▸ **WORK TO COMPLETE**
Output should begin at the line holding "this 628×419 image." and end at the last line of the entries; print those lines verbatim and no others.

▸ **STUDY MATERIAL**
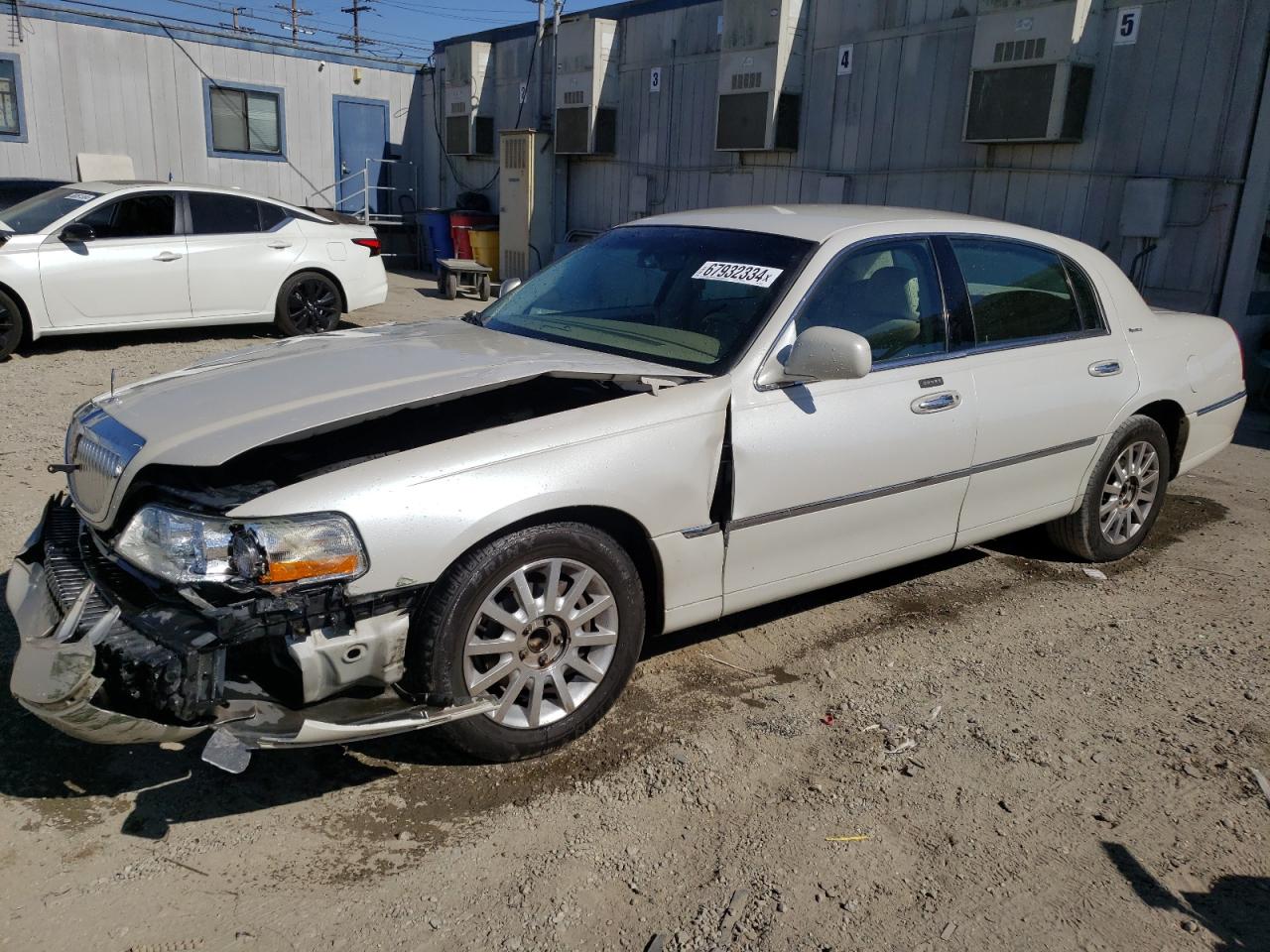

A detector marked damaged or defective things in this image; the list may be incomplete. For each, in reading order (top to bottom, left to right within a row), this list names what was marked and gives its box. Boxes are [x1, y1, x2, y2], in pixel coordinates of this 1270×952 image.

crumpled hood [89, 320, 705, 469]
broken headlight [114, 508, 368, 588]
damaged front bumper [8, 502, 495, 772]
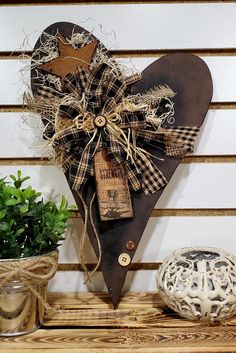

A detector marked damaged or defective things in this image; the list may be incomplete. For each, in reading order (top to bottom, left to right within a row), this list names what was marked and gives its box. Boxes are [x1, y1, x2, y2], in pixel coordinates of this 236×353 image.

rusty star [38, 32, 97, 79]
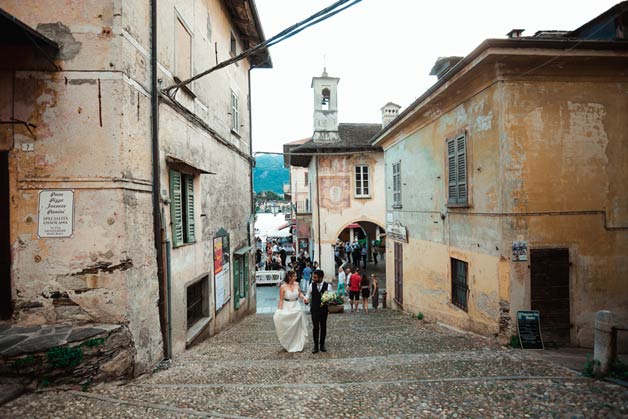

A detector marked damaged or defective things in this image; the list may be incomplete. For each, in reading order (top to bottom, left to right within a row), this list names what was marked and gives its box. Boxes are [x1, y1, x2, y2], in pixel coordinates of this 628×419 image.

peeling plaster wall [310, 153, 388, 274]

▸ **WRITTEN RESPONSE**
A detector marked damaged or defective things in this image; the list may be incomplete. For each, in reading order (top to bottom, left to right within a row), this list names what was marked and gives its box. Boxes are [x1, y1, x2, y2], in pixel coordinates of this 628×419 image.

peeling plaster wall [310, 153, 388, 274]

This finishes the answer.